Keniscayaan Bermazhab
Tidak mungkin seseorang yang tidak memenuhi kriteria sebagai seorang mujtahid dapat memahami al-Qur’an dan hadis secara langsung. Dia harus bertaklid kepada salah satu dari mazhab yang eksis dalam memahami al-Qur’an dan hadis. Kenyataan bahwa umat Islam terbagi menjadi dua kelompok; mujtahid dan mukalid telah dijelaskan oleh Rasulullah saw.
نضر الله امرأ سمع مقالتي فوعاها فأداها كما سمعها, فرب مبلغ لا فقه عنده ( رواه الترمذى وابن حبان)
“Allah menganugerahkan keselamatan dan wajah yang berseri-seri di hari kiamat kepada seseorang yang mendengar perkataanku, kemudian ia memeliharanya dan menyampaikannya sebagaimana ia mendengarnya. Betapa banyak orang yang menyampaikan, tapi tidak memiliki pemahaman (terhadapnya).” (H.R. at-Tirmidzi dan Ibnu Hibban)
Bukti terdapat pada lafal:
فرب مبلغ لافقه عنده
'Betapa banyak orang yang menyampaikan (hadis), tapi tidak memiliki pemahaman terhadapnya.'
Dalam riwayat lain:
ورب مبلغ اوعى من سامع
'Betapa banyak orang yang mendengar (disampaikan kepadanya hadis) lebih mengerti dari yang menyampaikan.'
Bagian dari lafal hadis tersebut memberikan pemahaman bahwa di antara sebagian orang yang mendengar hadis dari Rasulullah saw, ada yang hanya meriwayatkan lafalnya saja. Sedangkan pemahamannya terhadap kandungan hadis tersebut kurang dari pemahaman orang yang mendengar darinya. Orang yang kedua ini, dengan kekuatan nalar dan pemahamannya, memiliki kemampuan untuk menggali dan mengeluarkan hukum-hukum dan masalah-masalah yang terkandung di dalam hadis tersebut.
Dari sini, dapat diketahui bahwa sebagian sahabat Nabi ada yang pemahamannya kurang sempurnya jika dibandingkan dengan para murid dan orang yang mendengar hadis darinya.
Para ulama hadis yang menulis karya-karya dalam ilmu Mushthalah al-Hadits menyebutkan bahwa para ahli fatwa dari kalangan sahabat jumlahnya kurang dari sepuluh, yaitu sekitar enam menurut suatu pendapat. Sebagian ulama lain berpendapat bahwa ada sekitar dua ratus sahabat yang mencapai tingkatan mujtahid–dan ini pendapat yang lebih sahih.

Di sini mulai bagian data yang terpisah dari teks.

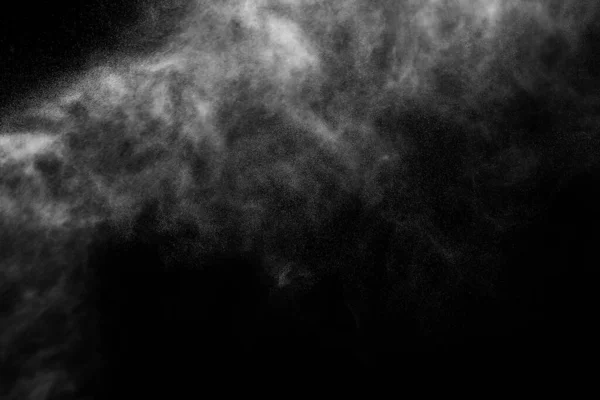 Fluxo Água Uma Nuvem Gotas Atomização — Fotografia de Stock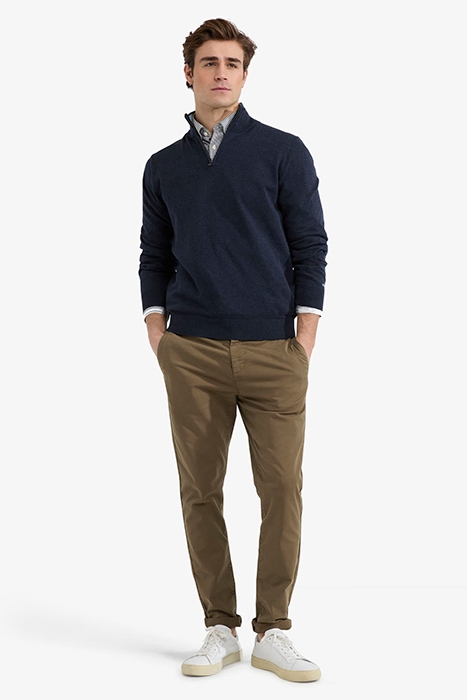 ZIP MOCK SWEATER NAVY 2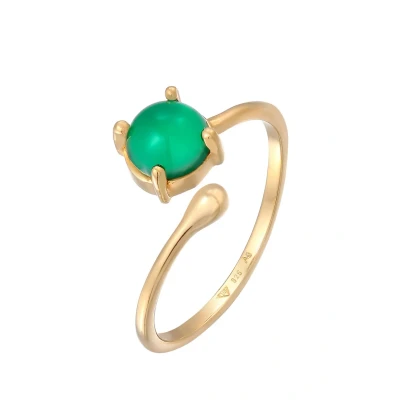 Abbildung von Elli Statement Ring goldcoloured, Damen, Größe: 54, Gold coloured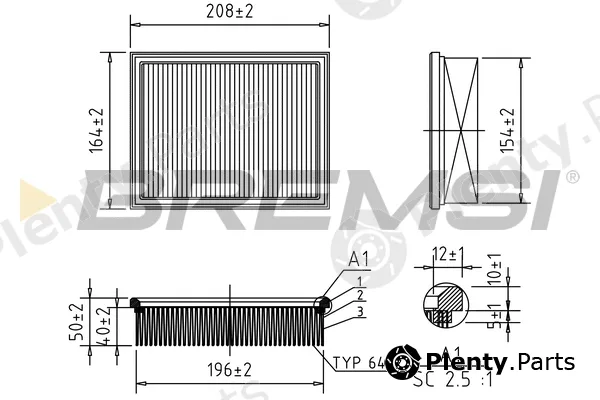 Bremsi FA2136 — Air Filter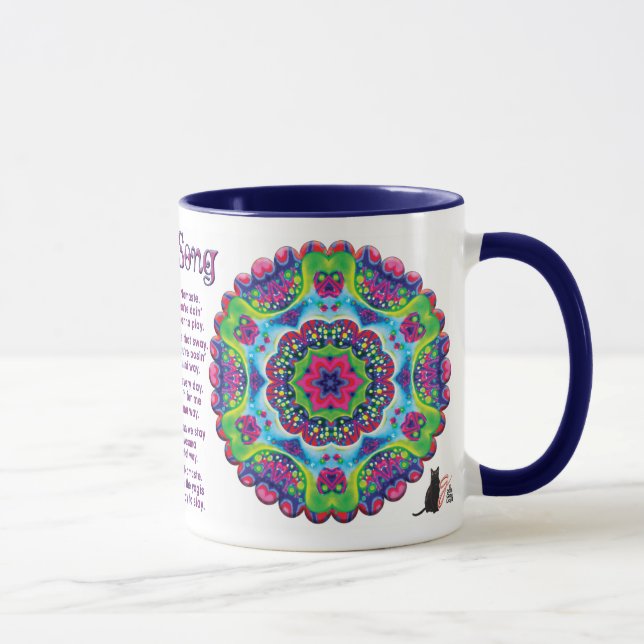 Caneca Luscious Yoga Song (Direita)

Jika keadaan para sahabat saja demikian adanya maka bagaimana mungkin setiap orang muslim yang bisa membaca al-Qur’an dan menelaah beberapa kitab berani berkata, “Mereka (para mujtahid) adalah manusia dan kita juga manusia, tidak seharusnya kita bertaklid kepada mereka.” Padahal, telah terbukti dengan data yang valid bahwa kebanyakan ulama salaf bukan mujtahid, mereka ikut (bertaklid) kepada ahli ijtihad yang ada di kalangan mereka.
Dalam shahih al-Bukhari diriwayatkan bahwa seorang buruh (pekerja sewaan) telah berbuat zina dengan isteri majikannya. Lalu, ayah pekerja tersebut bertanya tentang hukuman atas anaknya. Ada yang mengatakan, “Hukuman atas anakmu adalah membayar seratus ekor kambing dan memerdekakan seorang budak perempuan.” Tak puas, sang ayah kembali bertanya kepada ahli ilmu, jawab mereka: “Hukuman atas anakmu dicambuk seratus kali dan diasingkan satu tahun.”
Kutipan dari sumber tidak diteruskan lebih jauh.